Il est rare que l’on se penche sur la vie de grands photographes sauf à publier des ouvrages de leurs œuvres. Seuls quelques-uns, souvent de « grands classiques » comme Brassaï, Doisneau, Capa ou Cartier-Bresson, ont droit à cette marque d’intérêt. Il faut donc souligner la sortie de cet ouvrage consacré au grand Helmut Newton (1920-2004). Ce photographe de la jet set et des « peoples » a très (trop ?) souvent été regardé à l’aune de ses photos qui se balancent entre un érotisme teinté quelquefois de voyeurisme et d’une goutte de sadisme, de ses photos de femmes – souvent fatales – trimballant leur désinvolture dans des palaces, sur la Côte d’Azur ou la Californie chère à Hockney. Voire une satire de ce monde de richesse et de luxure par trop parfait.
Des images qui souvent se veulent d’une belle eau glamoureuse, mais qui, avec l’emploi d’une prothèse, d’un casque, d’une minerve, de béquilles, de bandages voir dans des poses ou des scènes d’une étrange cruauté sont quelquefois d’une extrême morbidité. Des femmes désirables, froides, puissantes comme soumises. Même ses portraits de personnalités sortent du cadre, partie émergée de l’iceberg Newton. Le décryptage était nécessaire. C’est fait ici.

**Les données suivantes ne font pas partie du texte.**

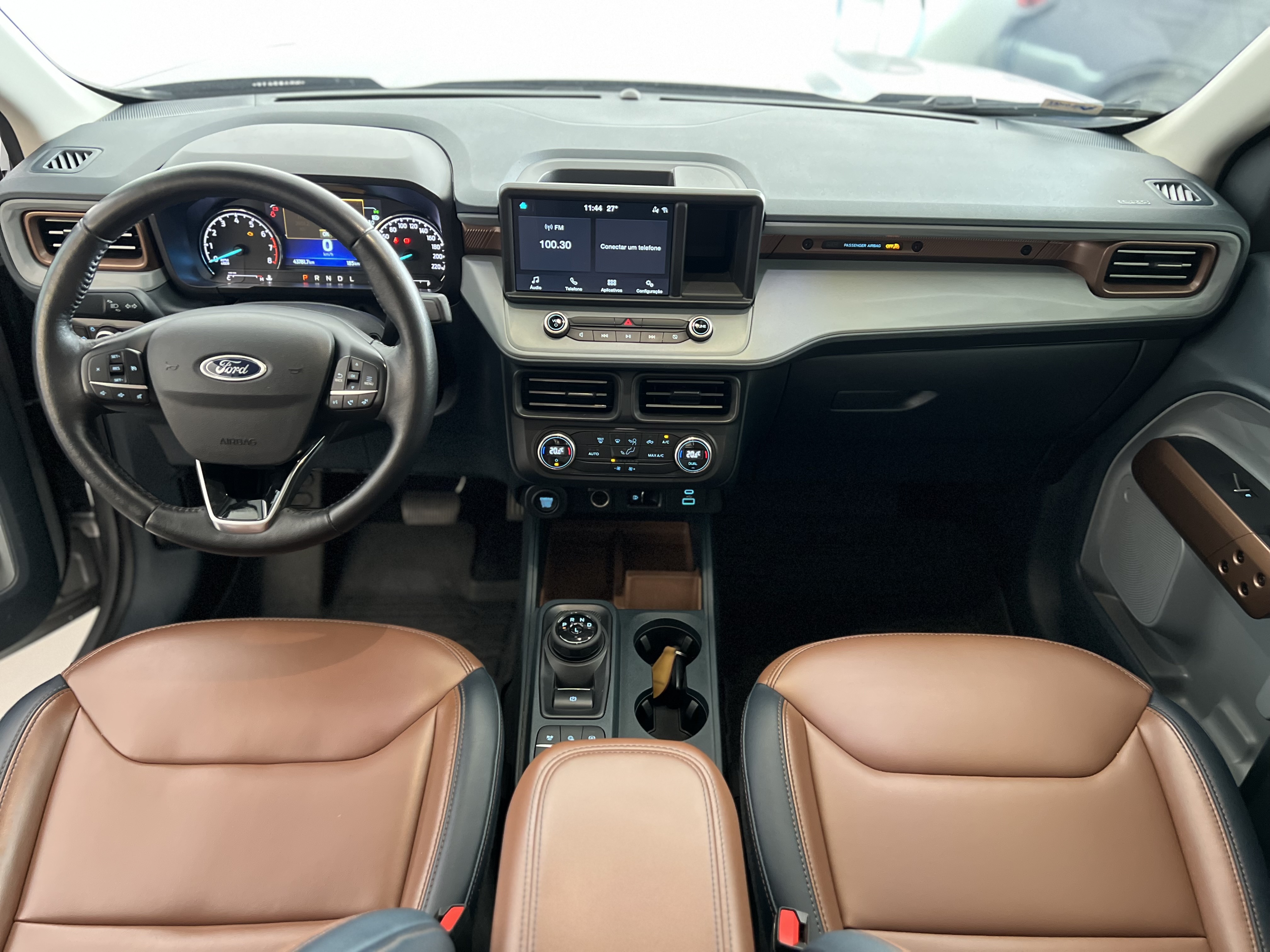 706-ae2d3e57-b899-4764-aa94-fc462df84985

Mais à bien y regarder tout n’est pas aussi luxuriant. C’est là tout l’intérêt de cet ouvrage qui lève de nombreux voiles sur les vrais buts conscients (ou non) de l’art de cet immense photographe qui révolutionna, tout comme Bettina Rheims, notre perception de ce mystère féminin et des lucidités cachées de notre société. Il était bon de mettre tout ça à la lumière.
Une autre image…
Car Newton, qui semble avoir eu une vie paradisiaque faite de soleil, de riches demeures et de nuits festives, fut au début de sa vie un de ces juifs berlinois qui, par miracle, échappa à la fureur nazie. Passage sombre de sa jeune existence dont il refusa toujours de parler. L’auteure, Dominique Baqué, historienne, critique d’art et maître de conférence – il est bon ici de rappeler ses titres, ils donnent à l’ouvrage tout son appui et son aspect documenté alors que de parler de Newton pourrait l’être à l’aune d’un glacis superficiel que pourrait laisser supposer la couverture de l’ouvrage – analyse et décortique l’art de Newton selon certaines de ses plaies : «Et c’est précisément à l’aune de cette judéité, jamais revendiquée comme telle mais douloureuse, qu’est réexaminé le corpus newtonien : en témoignent ces corps de femmes puissantes qui s’avèrent la réplique du corps aryen glorifié par le nazisme, le fétichisme des uniformes, du cuir et des casques, la présence obsédante des chiens… ». Glorifier pour mieux désamorcer une beauté trompeuse et pervers ?
Un ouvrage essentiel sur l’un des photographes les plus importants de son temps émaillé de reproductions de ses très nombreuses icônes photographiques.